# The Basics of Neural Networks

In this module we are going to learn about neural networks in scikit-learn. While scikit-learn is not the most used library for neural networks and deep learning, there is some built-in functionality in scikit-learn that can be used. We are going to focus on how neural networks conceptually work, and demonstrate basic usage of the scikit-learn implementation.

<b>Functions and attributes in this lecture: </b>
- `sklearn.neural_network` - Submodule for neural networks
 - `MLPClassifier` - The Multi-Layer Perceptron implementation for classification

In [1]:
# Non-sklearn packages
import numpy as np
import pandas as pd

# Sklearn packages
from sklearn.datasets import fetch_covtype
from sklearn.model_selection import train_test_split
from sklearn.neural_network import MLPClassifier, MLPRegressor

# Importing the dataset
X, y = fetch_covtype(return_X_y=True, as_frame=True)

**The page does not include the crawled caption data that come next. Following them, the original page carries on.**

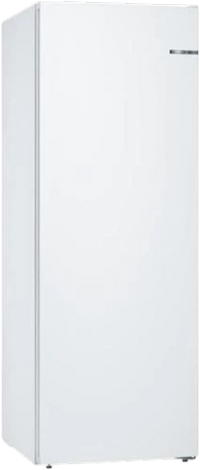 Congélateur Armoire 366 Litres Reconditionné BOSCH GSN58VWEV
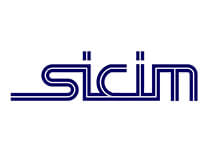 Referans - sicim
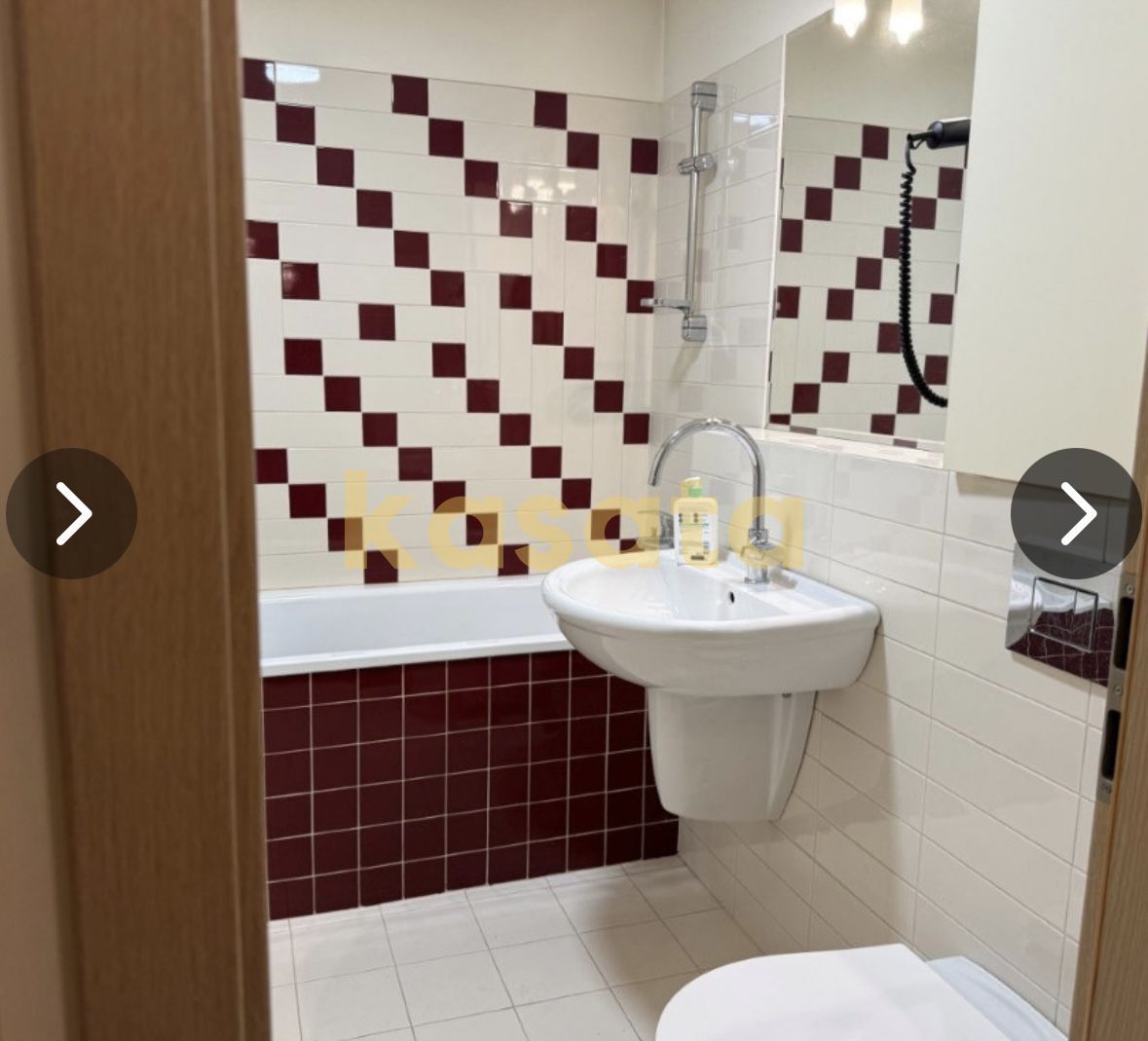 DE ÎNCHIRIAT | APARTAMENT 2 CAMERE | AVIAȚIEI | METROU  | PET FRIENDLY - Poză 10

# Printing the description for the dataset
print(fetch_covtype()["DESCR"])

.. _covtype_dataset:

Forest covertypes
-----------------

The samples in this dataset correspond to 30×30m patches of forest in the US,
collected for the task of predicting each patch's cover type,
i.e. the dominant species of tree.
There are seven covertypes, making this a multiclass classification problem.
Each sample has 54 features, described on the
`dataset's homepage <https://archive.ics.uci.edu/ml/datasets/Covertype>`__.
Some of the features are boolean indicators,
while others are discrete or continuous measurements.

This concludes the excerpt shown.